-- Work instruction --
Reproduce without any pictures the lines from the one that contains "Damen Elegante Pumps" through the end of the records, exactly as written.

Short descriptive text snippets
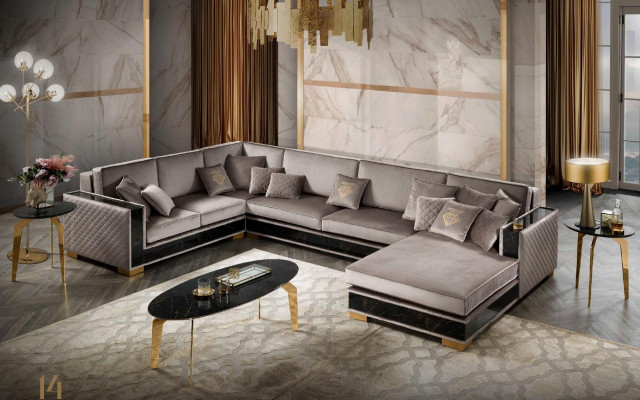 Ecksofa ve tvaru U, pohovka, design čalouněný textilní sedací nábytek obývací kout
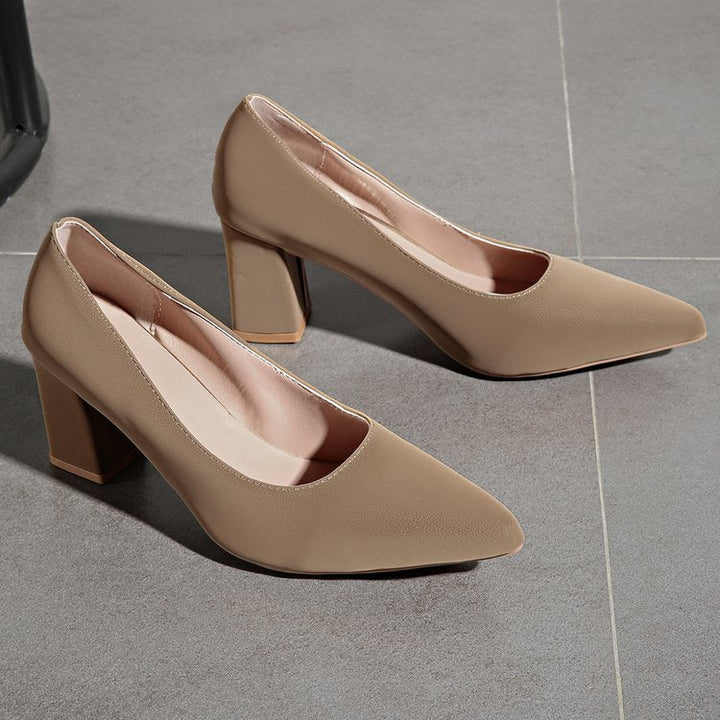 Damen Elegante Pumps mit modischem Blockabsatz und spitzem Design Drune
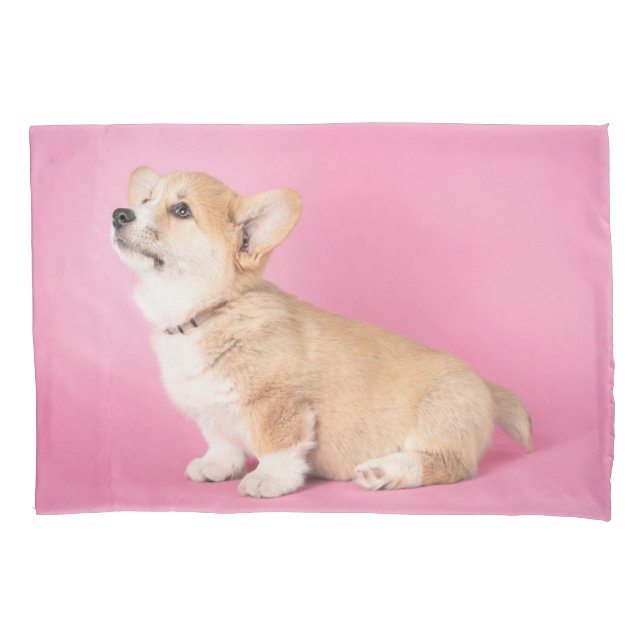 Housse D'oreillers Animaux de bébés cutest | Corgi rose Chiot (devant)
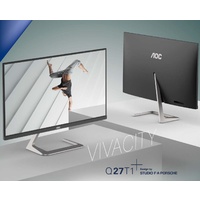 AOC 27Inch Zero Edge Monitor 75Hz 4ms DP HDMI Adaptive Sync Design Studio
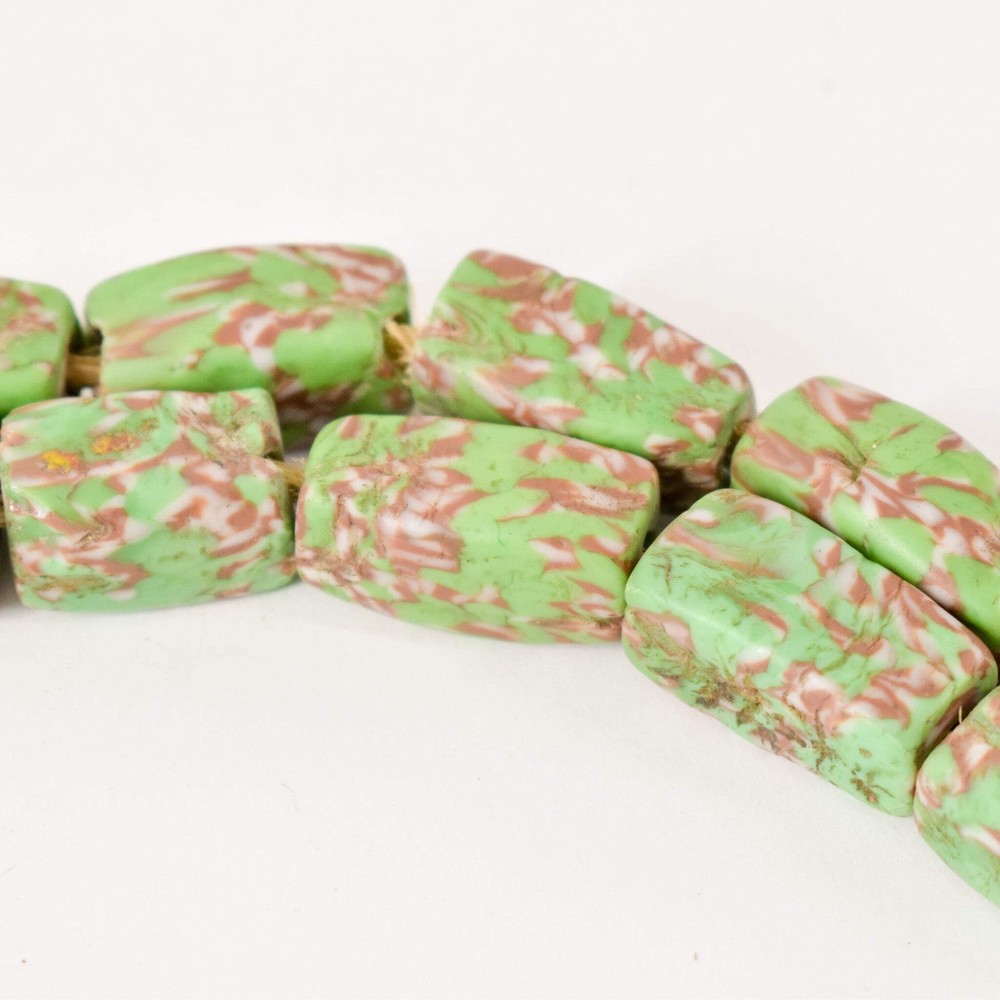 Floral Venetian Rectangular Green Trade Beads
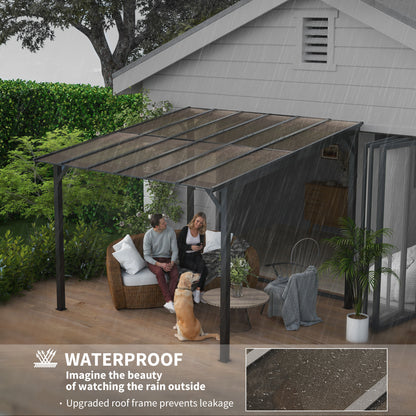 Outsunny 3 x 3 m Lean to Pergola with UPF 50+ Waterproof Polycarbonate Roof, Wall-Mounted or Free Standing Hardtop Roof Garden Metal Pergola Gazebo, Heavy Duty Outdoor Sun Shade, Dark Grey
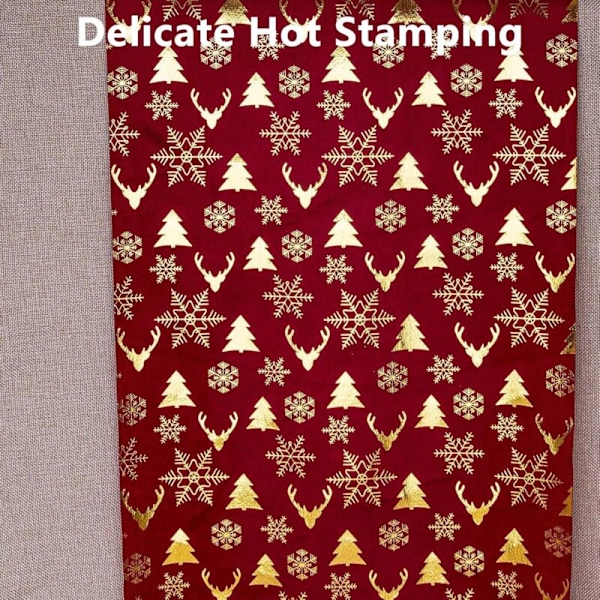 Juldekorationer Bordslöpare Jul Älg Sammet Guld Varm Polyester Bomull Bordsflagga Nyår Tryckt Julhelger Samling Bord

-- Solution below --
 Damen Elegante Pumps mit modischem Blockabsatz und spitzem Design Drune
 Housse D'oreillers Animaux de bébés cutest | Corgi rose Chiot (devant)
 AOC 27Inch Zero Edge Monitor 75Hz 4ms DP HDMI Adaptive Sync Design Studio
 Floral Venetian Rectangular Green Trade Beads
 Outsunny 3 x 3 m Lean to Pergola with UPF 50+ Waterproof Polycarbonate Roof, Wall-Mounted or Free Standing Hardtop Roof Garden Metal Pergola Gazebo, Heavy Duty Outdoor Sun Shade, Dark Grey
 Juldekorationer Bordslöpare Jul Älg Sammet Guld Varm Polyester Bomull Bordsflagga Nyår Tryckt Julhelger Samling Bord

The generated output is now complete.